### Task directions
Exclude the pictures and repeat all of the data exactly.

### Data section

-*-*-

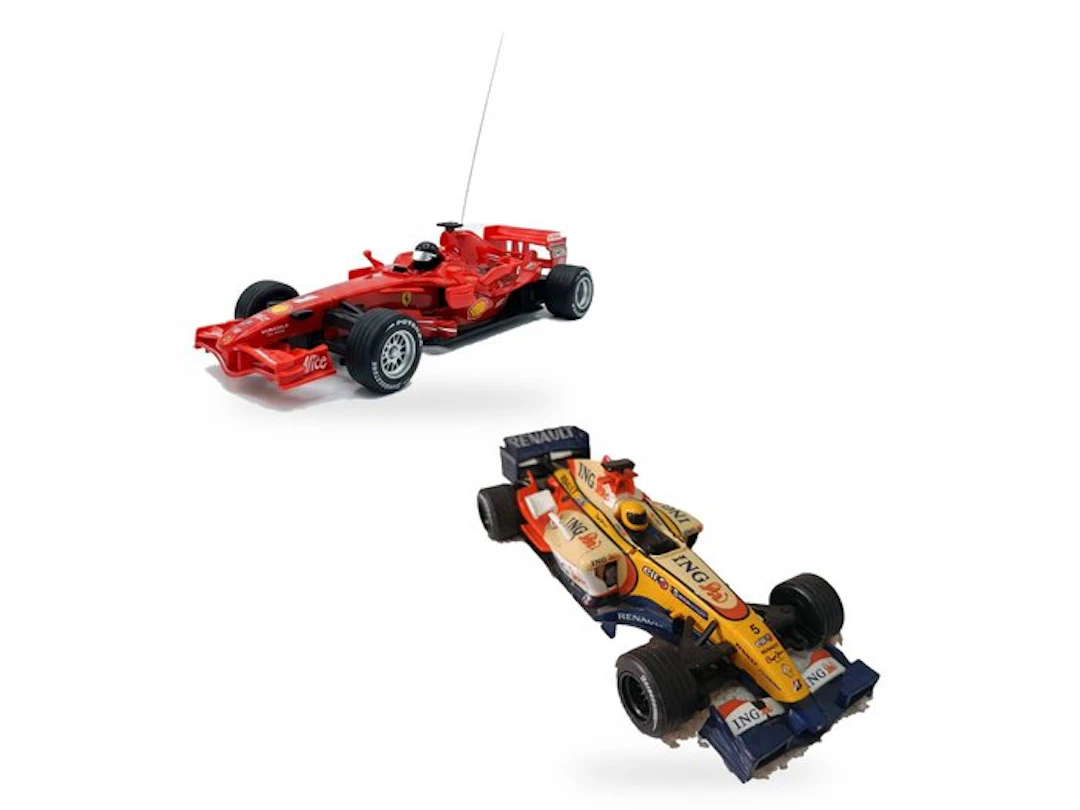 New Ray 1:24 - Model race car - Ferrari F2008 y Renault R28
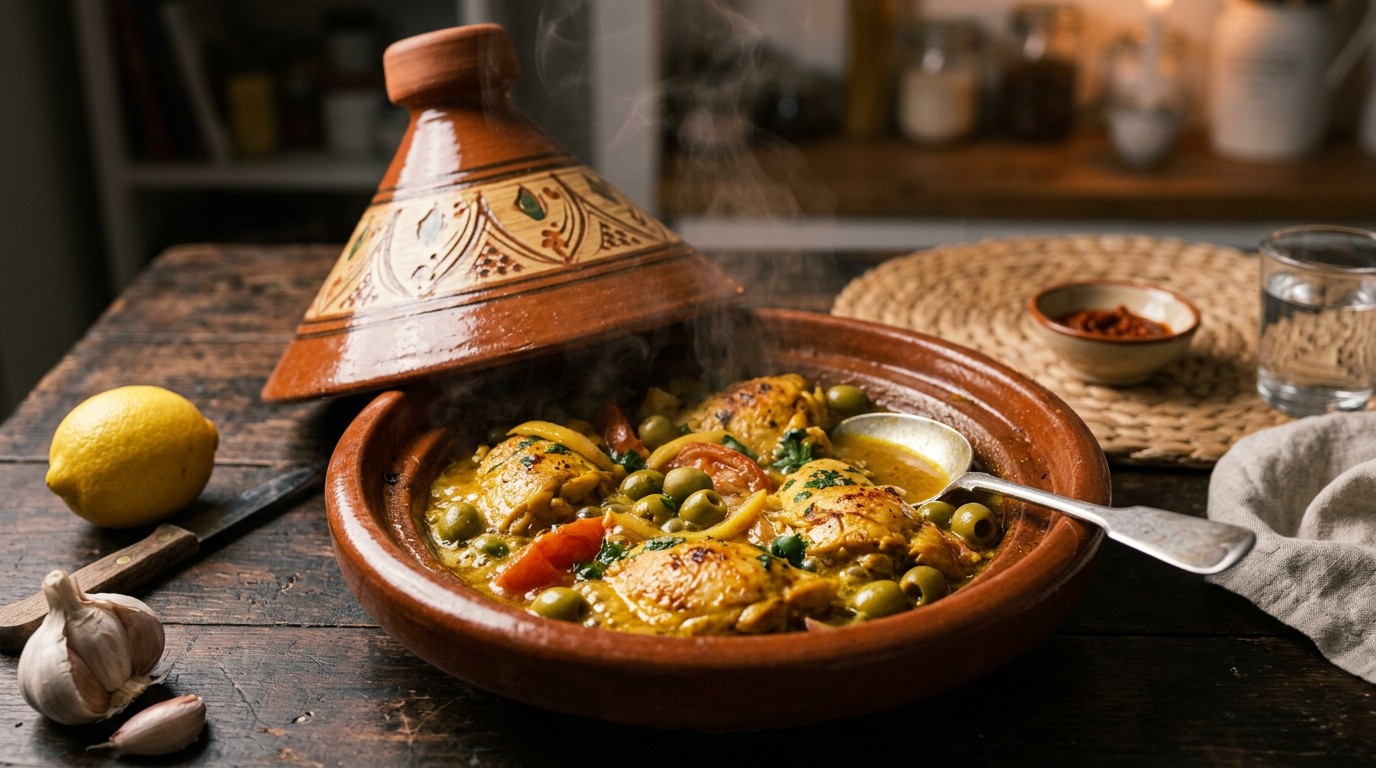 Tajine met Kipfilet en Olijven recept Tajine met Kipfilet en Olijven recept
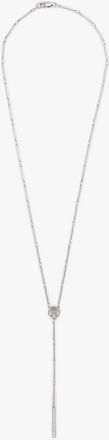 Tommy Hilfiger Womens Crystal Accent Lariat Necklace - Grey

-*-*-

### Task response
 New Ray 1:24 - Model race car - Ferrari F2008 y Renault R28
 Tajine met Kipfilet en Olijven recept Tajine met Kipfilet en Olijven recept
 Tommy Hilfiger Womens Crystal Accent Lariat Necklace - Grey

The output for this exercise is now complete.